Crispy Southern Egg Rolls are egg roll wrappers filled with a Southern-inspired mixture of pulled pork, cooked collard greens, and cream cheese, seasoned with hot sauce, salt, and pepper. They’re pan-fried in neutral oil until the wrappers are deep golden and crackly, while the interior becomes warm and creamy. Taste-wise, expect smoky, savory pork, earthy collards, and a creamy tang from the cheese with a gentle kick from hot sauce. People often serve these as appetizers at gatherings, game-day snacks, or as an easy, comforting dinner when paired with a salad or pickles. The overall vibe is relaxed Southern comfort with a playful, handheld presentation.

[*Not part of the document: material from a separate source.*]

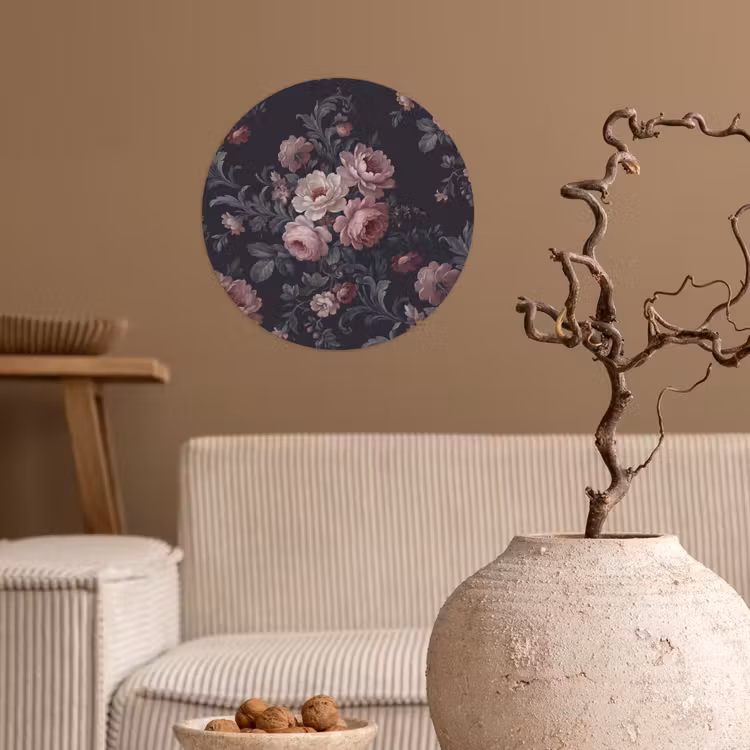 Bloemen - Patroon - Sierlijk - Roze - Donker Wandcirkel behangsticker klein -sfeer1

Ingredients for Crispy Southern Egg Rolls
For the Filling
- 2 cups cooked pulled pork, shredded
- 1–1½ cups cooked collard greens, well-drained and chopped
- 4 oz cream cheese, softened
- 1–2 teaspoons hot sauce
- Salt and freshly ground black pepper, to taste
For Wrapping & Frying
- 16–20 egg roll wrappers
- Neutral oil for frying (peanut, canola, or vegetable oil)
- Water (for sealing)
- Damp towel (to cover wrappers while working)
Ingredient Notes (Substitutions, Healthy Swaps)
- Dairy alternative: swap the cream cheese for a dairy-free cream cheese if you need a vegan-friendly or dairy-free option (texture will be slightly different).
- Lower-fat option: use light cream cheese to reduce calories and fat while keeping creaminess.
- Gluten-free option: use gluten-free egg roll wrappers or rice paper wrappers as an optional variation (note textures differ).
- Pork substitutions: while pork is central to this recipe, you can use leftover shredded chicken or turkey if you want a milder flavor (optional variation below).
- Collard greens: if you don’t have collards, any well-drained cooked greens can work—just keep the same volume and texture.
- Budget tip: use leftover pulled pork or rotisserie meat to keep this affordable and fast.
Step-by-Step Instructions
Step 1 – Make the filling
Combine the pulled pork, well-drained chopped collard greens, softened cream cheese, hot sauce, and salt and pepper in a medium bowl. Stir until everything is evenly incorporated and the cream cheese has bound the mixture together.
Visual cue: The filling should be moist but not runny, and you should see an even mixture of pork and greens.
Step 2 – Set up your rolling station
Lay a clean, flat surface and cover the egg roll wrappers with a damp towel to keep them pliable while you work. Have a small bowl of water nearby to seal the wrappers.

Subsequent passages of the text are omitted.